──────── Raw data ────────

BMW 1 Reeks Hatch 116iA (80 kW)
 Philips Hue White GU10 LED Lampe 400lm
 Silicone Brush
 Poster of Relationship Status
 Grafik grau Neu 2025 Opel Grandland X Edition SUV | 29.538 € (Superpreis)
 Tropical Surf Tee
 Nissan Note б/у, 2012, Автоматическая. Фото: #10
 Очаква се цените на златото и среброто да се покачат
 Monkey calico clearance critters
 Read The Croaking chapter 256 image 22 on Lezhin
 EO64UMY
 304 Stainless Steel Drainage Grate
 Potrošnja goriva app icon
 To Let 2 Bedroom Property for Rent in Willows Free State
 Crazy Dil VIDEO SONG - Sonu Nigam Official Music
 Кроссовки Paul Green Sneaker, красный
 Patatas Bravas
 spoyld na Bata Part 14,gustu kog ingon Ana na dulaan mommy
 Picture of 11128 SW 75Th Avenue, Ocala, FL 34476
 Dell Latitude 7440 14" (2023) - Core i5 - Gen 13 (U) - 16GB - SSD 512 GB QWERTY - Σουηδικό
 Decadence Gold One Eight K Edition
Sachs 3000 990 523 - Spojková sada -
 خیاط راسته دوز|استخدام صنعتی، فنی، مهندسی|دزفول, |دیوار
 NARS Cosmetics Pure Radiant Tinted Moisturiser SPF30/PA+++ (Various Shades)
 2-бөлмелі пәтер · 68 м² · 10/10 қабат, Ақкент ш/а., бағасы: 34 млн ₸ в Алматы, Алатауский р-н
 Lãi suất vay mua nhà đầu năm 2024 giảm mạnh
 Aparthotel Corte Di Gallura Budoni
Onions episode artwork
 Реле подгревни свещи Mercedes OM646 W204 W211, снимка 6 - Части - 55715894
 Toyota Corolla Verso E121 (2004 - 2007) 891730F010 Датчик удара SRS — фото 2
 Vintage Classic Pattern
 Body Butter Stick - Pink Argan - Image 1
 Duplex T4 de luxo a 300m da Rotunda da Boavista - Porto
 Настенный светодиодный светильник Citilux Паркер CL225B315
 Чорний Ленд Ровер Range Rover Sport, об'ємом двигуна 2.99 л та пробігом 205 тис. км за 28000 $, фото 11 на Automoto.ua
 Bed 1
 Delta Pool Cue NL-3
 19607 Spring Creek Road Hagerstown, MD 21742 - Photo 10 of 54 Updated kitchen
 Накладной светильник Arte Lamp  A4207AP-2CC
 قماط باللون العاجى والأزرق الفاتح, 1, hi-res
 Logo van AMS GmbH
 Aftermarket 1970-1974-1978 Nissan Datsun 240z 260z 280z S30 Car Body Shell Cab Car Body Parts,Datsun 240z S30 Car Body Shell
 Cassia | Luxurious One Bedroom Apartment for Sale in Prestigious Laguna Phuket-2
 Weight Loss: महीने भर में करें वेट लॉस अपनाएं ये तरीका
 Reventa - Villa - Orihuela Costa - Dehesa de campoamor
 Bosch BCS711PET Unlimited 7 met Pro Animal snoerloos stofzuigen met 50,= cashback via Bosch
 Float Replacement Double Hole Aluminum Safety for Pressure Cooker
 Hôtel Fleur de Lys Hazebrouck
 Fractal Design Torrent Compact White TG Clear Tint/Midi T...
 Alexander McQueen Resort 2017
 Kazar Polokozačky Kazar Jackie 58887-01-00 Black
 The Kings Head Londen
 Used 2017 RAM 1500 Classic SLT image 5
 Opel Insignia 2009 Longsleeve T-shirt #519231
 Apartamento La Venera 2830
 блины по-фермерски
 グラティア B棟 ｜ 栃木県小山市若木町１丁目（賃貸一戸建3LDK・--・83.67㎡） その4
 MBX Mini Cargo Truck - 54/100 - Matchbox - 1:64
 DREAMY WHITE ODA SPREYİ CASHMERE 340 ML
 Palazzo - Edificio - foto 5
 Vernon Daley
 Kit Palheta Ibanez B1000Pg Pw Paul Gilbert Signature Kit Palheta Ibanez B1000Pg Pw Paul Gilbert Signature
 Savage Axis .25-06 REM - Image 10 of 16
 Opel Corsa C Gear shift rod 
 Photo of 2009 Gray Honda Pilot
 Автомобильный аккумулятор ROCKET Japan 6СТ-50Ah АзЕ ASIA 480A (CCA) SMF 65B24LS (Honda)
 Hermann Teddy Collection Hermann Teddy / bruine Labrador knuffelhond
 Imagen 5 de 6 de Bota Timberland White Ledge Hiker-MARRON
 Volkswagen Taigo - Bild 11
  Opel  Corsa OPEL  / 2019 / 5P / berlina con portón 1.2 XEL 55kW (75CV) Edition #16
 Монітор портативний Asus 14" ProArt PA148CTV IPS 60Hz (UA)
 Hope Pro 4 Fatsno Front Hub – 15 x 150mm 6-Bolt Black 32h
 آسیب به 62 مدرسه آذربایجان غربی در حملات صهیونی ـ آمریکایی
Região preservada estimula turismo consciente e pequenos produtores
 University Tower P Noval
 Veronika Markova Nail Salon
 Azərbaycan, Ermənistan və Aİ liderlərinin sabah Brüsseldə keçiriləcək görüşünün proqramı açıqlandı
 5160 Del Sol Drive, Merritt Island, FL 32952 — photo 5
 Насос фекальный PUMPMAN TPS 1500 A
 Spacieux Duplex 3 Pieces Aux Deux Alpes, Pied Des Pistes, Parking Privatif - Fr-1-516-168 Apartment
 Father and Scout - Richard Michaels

────────

● **Exercise goal**
Only the lines from the top of the data through the line that contains "Decadence Gold One Eight K Edition" should be quoted, exactly as they stand.

● **Answer box**
BMW 1 Reeks Hatch 116iA (80 kW)
 Philips Hue White GU10 LED Lampe 400lm
 Silicone Brush
 Poster of Relationship Status
 Grafik grau Neu 2025 Opel Grandland X Edition SUV | 29.538 € (Superpreis)
 Tropical Surf Tee
 Nissan Note б/у, 2012, Автоматическая. Фото: #10
 Очаква се цените на златото и среброто да се покачат
 Monkey calico clearance critters
 Read The Croaking chapter 256 image 22 on Lezhin
 EO64UMY
 304 Stainless Steel Drainage Grate
 Potrošnja goriva app icon
 To Let 2 Bedroom Property for Rent in Willows Free State
 Crazy Dil VIDEO SONG - Sonu Nigam Official Music
 Кроссовки Paul Green Sneaker, красный
 Patatas Bravas
 spoyld na Bata Part 14,gustu kog ingon Ana na dulaan mommy
 Picture of 11128 SW 75Th Avenue, Ocala, FL 34476
 Dell Latitude 7440 14" (2023) - Core i5 - Gen 13 (U) - 16GB - SSD 512 GB QWERTY - Σουηδικό
 Decadence Gold One Eight K Edition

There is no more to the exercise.